This is a typical Reiser monolog. He's a charming conversationalist who rambles and gives small glimpses into his life but always returns to his TV show, which he champions to the point of what could be construed as arrogance, except for his light and self-deprecating touch. Then he'll stop, frown and say, "Am I the most boring person in the world?"
He isn't, of course. If he were, Bantam Books would not have asked to (continued on page 98)Paul Reiser(continued from page 92) publish his musings, Couplehood. Or maybe it would have, simply because it'd already made so much money from Jerry Seinfeld's musings. "That had an enormous amount to do with it," Reiser quickly concedes. "It's the same publisher, the same literary agent and the same editor. I suppose that's why I resisted it at first. Every blurb about the book is 'Seinfeld did a book, now Reiser's doing a book.' But they asked me. And also, if I'm not mistaken, Jerry wasn't the first person to write a book. I believe James Joyce did one. I know for a fact Mark Twain wrote a couple.
"I think that my book is distinctive from Jerry's book," he continues, "in the same way that our shows are distinctive. It's couple-oriented and not as jokey."
He frowns. "And jokey wasn't a slight of Jerry's show, by the way. I'm continually astounded by how great his show is. I watched it last night and thought, Jesus, they're great, just brilliantly creative and ambitious. My wife and I were at the beach this morning, lost in thought, and I said, 'Where are you?' She said, 'Just thinking about my office. I don't like where the chair is. Where are you?' I said, 'I was counting how many sets Seinfeld used last night.'"
And has he seen the episode of the animated television series The Critic in which the main character, voiced by Lovitz, walks past a movie marquee that reads Seinfeld, The movie, starring Paul Reiser?
"No, did it say that?" he says. "Really?

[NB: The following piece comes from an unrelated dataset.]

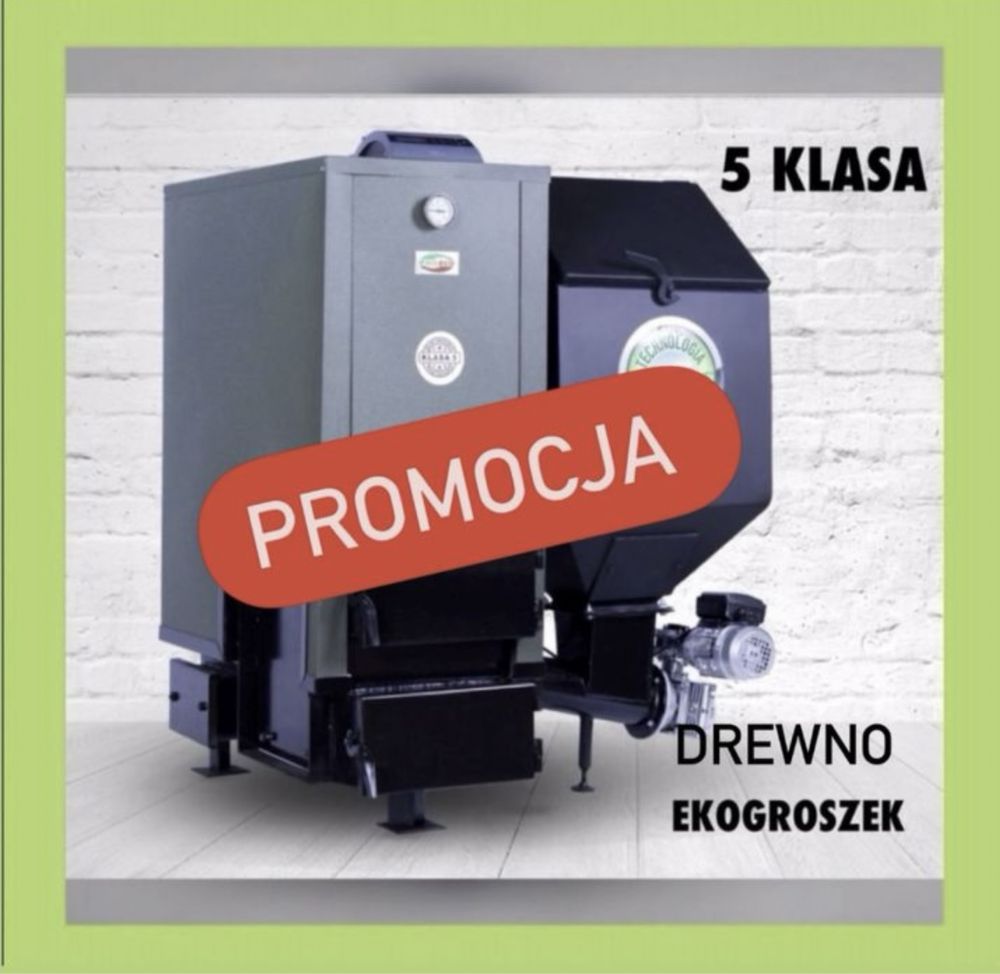 Piec kocioł 15 kW  na pellet ekogroszek drewno 150m2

I didn't know that." He looks puzzled. "Is that good or bad? Is that a swipe? Is that neutral?"
Well, he could take it as neutral, or he could take it to mean that they consider him a second-string Seinfeld.
"I'm not comfortable with those kinds of things," he says. "I assume there's something bad to it. And that angers me. I've been friends with Jerry for 15 years, and we have a similar sense of humor. In fact, there are a lot of things that his show broke ground doing that I wouldn't have had the courage or the conviction to execute. Are there similarities between my sensibilities and Jerry's? Sure. Are there similarities between our shows? Sure. But to say that we copy Seinfeld is so offensive, because we try hard to shy away from that. Ours is an emotional show, which is something that Jerry proudly avoids. So any kind of comment like that just belittles all the fucking hours and heart and emotion that go into making the show as good as it can be."
He stops, takes a deep breath and grins. "So fuck Jon Lovitz."
•
He could have been a mogul. He should have been a mogul, if you asked Sam Reiser.
Paul's father was a mogul. He'd gotten into health food wholesaling in his 20s--"not because he was particularly health-conscious," says Paul, "but because it was a business that somebody thought would work." It did: In the mid- to late Sixties, when Paul was entering his teens, Sam Reiser's business boomed, branched out, bought other companies and became a successful national enterprise.
All along, Paul was Sam's designated successor. But as a kid in New York City, Paul was drawn to comedy: Frank Gorshin on The Ed Sullivan Show, Mel Brooks and Carl Reiner's 2000-Year-Old Man records, David Steinberg, Robert Klein and George Carlin. But even after he had started performing, Paul worked for his dad. "He said, 'Take a year and get the comedy out of your system,'" says Paul. "But even then he said, 'But as long as your afternoons are free, you might as well come in and learn something.'"
After a year of comedy, Sam Reiser intervened. "He said, 'It's time to let it go,'" says Paul. "And he sent me to Oklahoma to learn the business from the ground up. It was the first time I was ever really alone, and I couldn't get enough of it. I was able to hear my own voice, and I found myself not homesick for friends or girlfriends but homesick for comedy. I actually remember thinking, If in ten or 15 years my friend Jerry Seinfeld has some big show, I don't want to be a potbellied guy sitting behind a desk telling my kids, 'You see him? I knew him when we were kids.'"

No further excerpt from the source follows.